Preferably, the exposed surface of the ceramic layer is a smooth cylindrical surface.
Accordingly, the invention may be considered to reside in a lined shroud comprising in combination: a shroud substrate having an inner surface; an array of surface discontinuities on the inner surface, each surface discontinuity including a plurality of grooves separating an array of raised areas, each discontinuity having a steep edge; a ceramic layer attached to the raised areas; and a plurality of shadow gaps in the ceramic layer, each shadow gap extending from a steep edge a substantial portion of the way through the ceramic layer and effectively segmenting the ceramic layer.
Thermal expansion mismatch strain between the ceramic material and the substrate causes propagation of segmenting cracks from the tops of the shadow gaps to the machined ceramic surface. The shadow gaps accommodate thermal expansion mismatch strain between the metal and ceramic, preventing massive spalling of the ceramic layer. The plasma spray parameters are chosen to provide sufficient microporosity of the outer surface of the ceramic layer to allow abradability by the turbine blade tips. If necessary, spray parameters are selected to provide a higher density at the ceramic-metal interface as needed to provide adequate adhesion. The turbine blade tips may be hardened to provide effective abrading of the ceramic surface and thereby establish a very close shroud to blade tip clearance, without smearing blade material on the ceramic layer. Very high efficiency, low loss turbine operation is thereby achieved without risk of spalling of the ceramic due to thermal strains.

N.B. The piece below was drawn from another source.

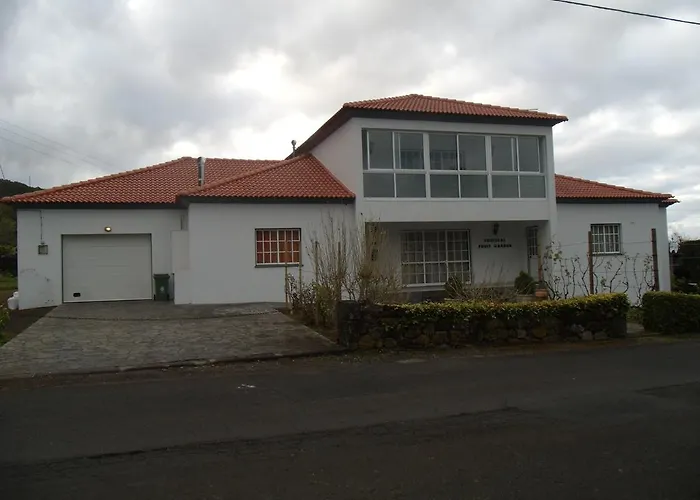 ゲストハウス Tropical Fruit Garden ヴェーラス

The invention also extends to a gas turbine including a shroud substrate having an inner surface; an array of raised areas on the inner surface, each raised area having a steep edge; an array of grooves between the respective raised areas and separating the respective raised areas; a layer of ceramic material attached to the inner surface, the array of grooves effectively segmenting the inner surface; a plurality of shadow gaps in the ceramic layer, each shadow gap extending from a steep edge a substantial portion of the way through the ceramic layer, the layer of ceramic material and the shadow gaps therein forming a segmented abradable ceramic turbine shroud liner; a plurality of turbine blades surrounded by the segmented abradable ceramic turbine shroud liner; and hardened means disposed on an outer tip of each of the turbine blades for abrading the major surface of the ceramic layer.
According to another aspect of the invention, there is provided a method of making a lined turbine shroud which comprises lining a substrate with a ceramic material characterised by forming on the inner surface of the substrate an array of discontinuities including an array of intersecting grooves separating an array of raised areas, each discontinuity including a steep edge, and performing a line of sight deposition of the ceramic material uniformly on the inner surface at a spray angle that prevents the ceramic material from being directly deposited on the steep edges so that a plurality of shadow gaps are formed in the ceramic layer as it is deposited, each shadow gap extending from a steep edge through a substantial portion of the ceramic layer and segmenting the ceramic layer.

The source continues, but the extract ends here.